By
Amy Korst,
Andrew Brown,
Hanady Kader,
Sarah Jeglum
May 3, 2007
As it has become increasingly apparent that foreign oil will not be able to sustain domestic energy consumption in the future, scientists and foresighted politicians alike have scrambled to find viable alternatives.
Scientists have pointed to clean and renewable energy sources like bio-fuel and wind power as our best hope for environmentally safe and feasible energy production. Politicians and even celebrities have advocated reduced personal energy consumption and waste as a means of alleviating the power crunch.
While we are aware it will take more than pointing and advocacy to wean our nation from Big Oil, we believe that the nation's energy policy should be geared heavily toward renewable energy.
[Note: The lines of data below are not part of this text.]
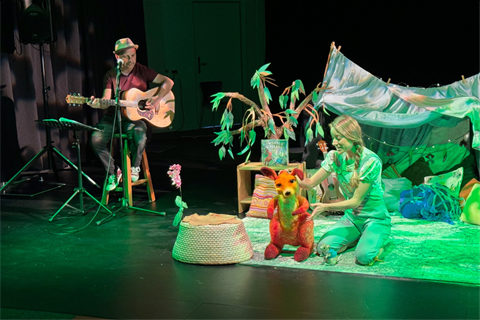 A musician plays a guitar. A young woman acts & interacts with a wallaby puppet.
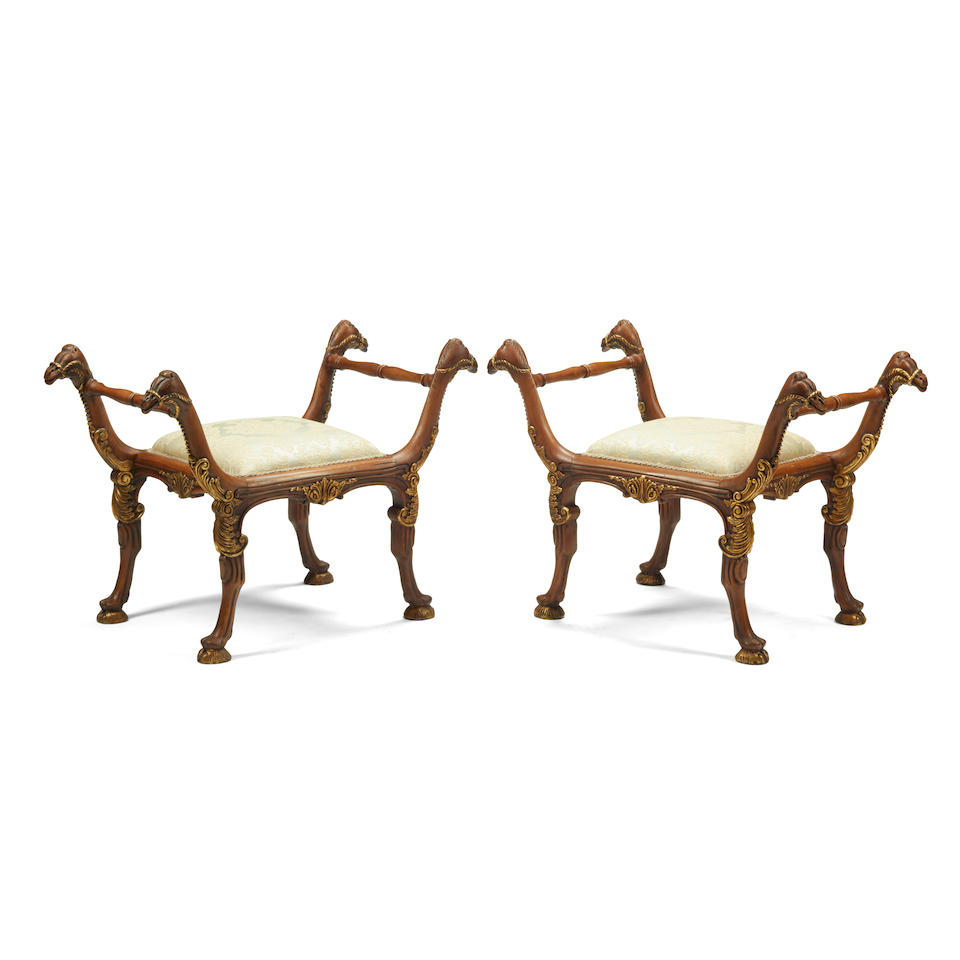 A PAIR OF CONTINENTAL ROCOCO STYLE CARVED PARCEL GILT BENCHES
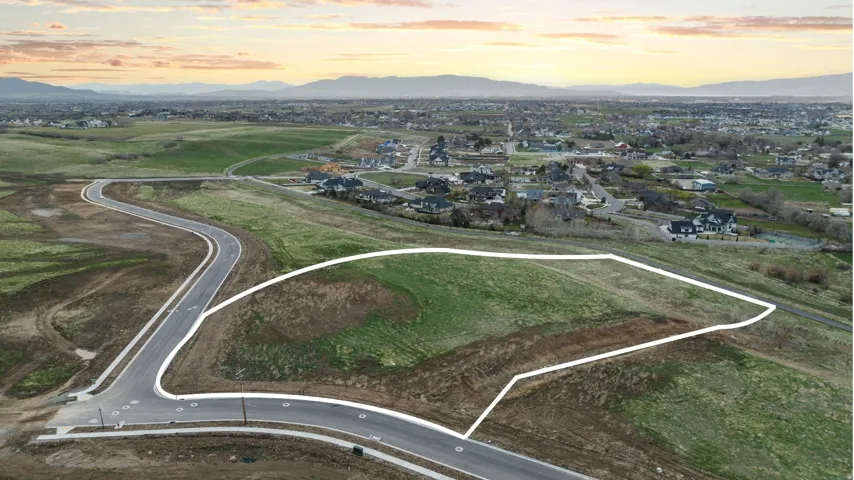 Expansive lot with a grassed area and partial road frontage, framed by a distant mountain range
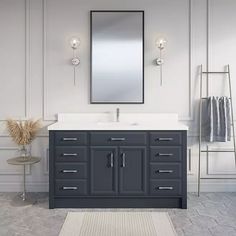 a bathroom vanity with a mirror above it and a rug on the floor next to it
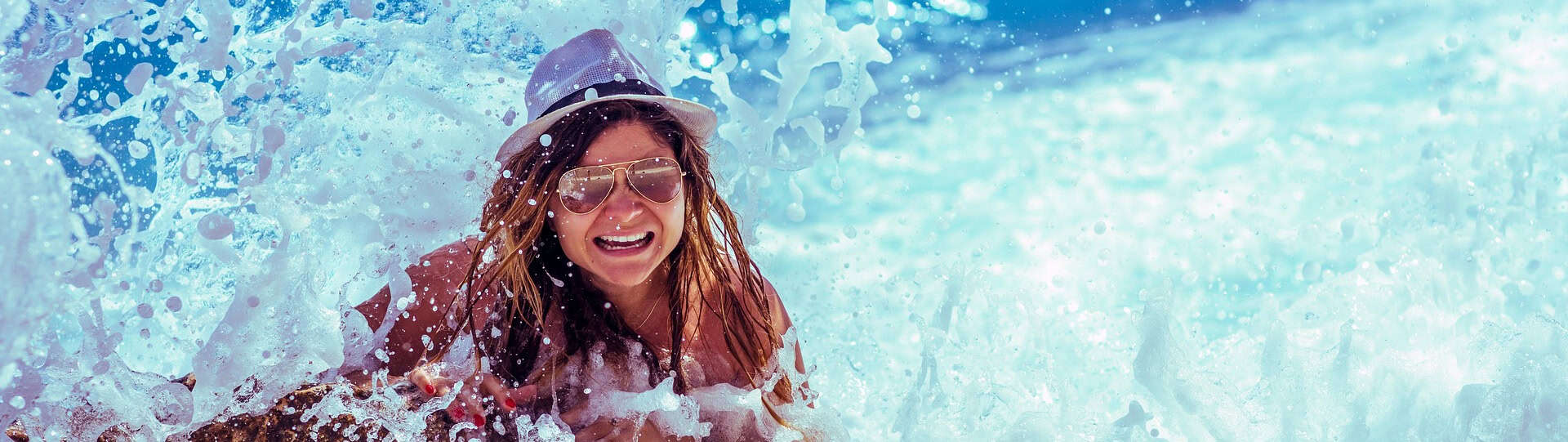 Woman caught in an ocean wave, expressing surprise and tension, symbolizing the sudden impact of panic attacks and the need for grounding and calming strategies.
It's disappointing, then, to learn that the U.S. Interior Department has plans to lease millions of acres of offshore fields to major oil companies in a new expansion effort for domestic drilling.
One of the largest new plots is in Alaska's formerly protected Bristol Bay, home to some of the world's most productive salmon habitat and many marine mammals including endangered whales.
Environmental groups, including the Sierra Club, according to The Associated Press, have cited concerns about the deleterious effect of drilling on wildlife.
Beyond these immediate concerns, we must cite concerns about the apparent enthusiasm of Interior Secretary Dirk Kempthorne over the drilling expansion.
Domestic drilling is no energy solution at all. Rather, it is a delay to the inevitable end of the petroleum supply and a few more notches on the rising global thermometer — all likely at the expense of other domestic resources.
We hope Congress will move to block the proposal; otherwise drilling will begin in two months.